> **Data provided**:
"""

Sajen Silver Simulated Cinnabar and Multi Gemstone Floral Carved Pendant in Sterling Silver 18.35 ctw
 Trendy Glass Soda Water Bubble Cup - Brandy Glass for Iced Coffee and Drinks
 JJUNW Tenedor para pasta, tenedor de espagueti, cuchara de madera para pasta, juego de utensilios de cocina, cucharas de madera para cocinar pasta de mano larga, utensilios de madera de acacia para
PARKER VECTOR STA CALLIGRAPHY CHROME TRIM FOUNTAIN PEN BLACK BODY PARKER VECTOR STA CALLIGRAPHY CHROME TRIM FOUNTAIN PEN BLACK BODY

"""

> **Work to be completed**: Output only the lines from the one that contains "JJUNW Tenedor para" through the last line of the data above, each restated exactly.

> **Answer for the task**:
 JJUNW Tenedor para pasta, tenedor de espagueti, cuchara de madera para pasta, juego de utensilios de cocina, cucharas de madera para cocinar pasta de mano larga, utensilios de madera de acacia para
PARKER VECTOR STA CALLIGRAPHY CHROME TRIM FOUNTAIN PEN BLACK BODY PARKER VECTOR STA CALLIGRAPHY CHROME TRIM FOUNTAIN PEN BLACK BODY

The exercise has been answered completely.